Marrikka Trotter MDesS ’08 presents public art installation
Marrikka Trotter, MDesS ’08, and 50 fifth graders from the Josiah Quincy Elementary School recently presented “small things,” a temporary urban public art intervention along Marginal Road in Boston’s Chinatown. The project creatively appropriates an underused and overlooked edge of public space for public use by using everyday materials and simple tactics to construct an engaging recreational space. The students collected and recycled materials such as plastic grocery bags and plastic bottles to create an abstract ‘garden’ of pattern and color to enhance this border zone. The installation aims to encourage active civic transformation of existing urban space and to draw attention to the eroding edges of this community. The art installation is intended to demonstrate how outdoor public resources in neighborhoods like Chinatown can be enhanced by creative, collaborative design.

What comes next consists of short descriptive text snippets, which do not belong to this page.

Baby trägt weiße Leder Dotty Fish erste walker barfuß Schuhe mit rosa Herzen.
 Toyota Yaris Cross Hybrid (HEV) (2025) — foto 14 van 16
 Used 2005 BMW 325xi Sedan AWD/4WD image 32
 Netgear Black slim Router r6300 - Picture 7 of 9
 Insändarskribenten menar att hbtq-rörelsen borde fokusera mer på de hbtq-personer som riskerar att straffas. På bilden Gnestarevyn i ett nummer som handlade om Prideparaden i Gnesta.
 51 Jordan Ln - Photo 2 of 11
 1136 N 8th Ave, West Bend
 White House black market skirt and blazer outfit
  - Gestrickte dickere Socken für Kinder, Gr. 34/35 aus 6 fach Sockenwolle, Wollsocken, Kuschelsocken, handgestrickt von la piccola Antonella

Marrikka Trotter is a Boston-based architectural designer, artist, and writer. She is currently pursuing a Master of Design Studies degree in Architectural History and Theory at the GSD. Marrikka is co-founder of the artists’ initiative, ltd.; co-editor of (Dis)Courses, a Harvard GSD history and theory journal; a contributing writer for Big Red & Shiny, and a designer at Miller Dyer Spears Architects and Planners. This project was conceived and executed with the support of artist Antoni Muntadas at the MIT Visual Arts Program.